▶ Your assignment: Only those lines running from the line that contains "연세봄빛피부과 탈모치료 #27 (남성형탈모, 이마탈모 정수리탈모) 관련 이미지 2" through the end of the material are to be written out, each exactly as shown.
[[ Entries shown open ]]
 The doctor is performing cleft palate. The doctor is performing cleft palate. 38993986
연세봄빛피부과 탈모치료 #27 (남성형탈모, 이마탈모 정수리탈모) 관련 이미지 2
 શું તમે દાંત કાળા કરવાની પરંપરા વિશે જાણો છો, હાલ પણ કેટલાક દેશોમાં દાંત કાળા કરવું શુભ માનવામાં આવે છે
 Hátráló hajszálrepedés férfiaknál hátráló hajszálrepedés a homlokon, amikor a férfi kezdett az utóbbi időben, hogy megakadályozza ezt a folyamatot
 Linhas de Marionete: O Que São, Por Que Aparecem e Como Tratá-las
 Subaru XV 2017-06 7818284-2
[[ Entries shown closed ]]
▶ Solution for this task:
연세봄빛피부과 탈모치료 #27 (남성형탈모, 이마탈모 정수리탈모) 관련 이미지 2
 શું તમે દાંત કાળા કરવાની પરંપરા વિશે જાણો છો, હાલ પણ કેટલાક દેશોમાં દાંત કાળા કરવું શુભ માનવામાં આવે છે
 Hátráló hajszálrepedés férfiaknál hátráló hajszálrepedés a homlokon, amikor a férfi kezdett az utóbbi időben, hogy megakadályozza ezt a folyamatot
 Linhas de Marionete: O Que São, Por Que Aparecem e Como Tratá-las
 Subaru XV 2017-06 7818284-2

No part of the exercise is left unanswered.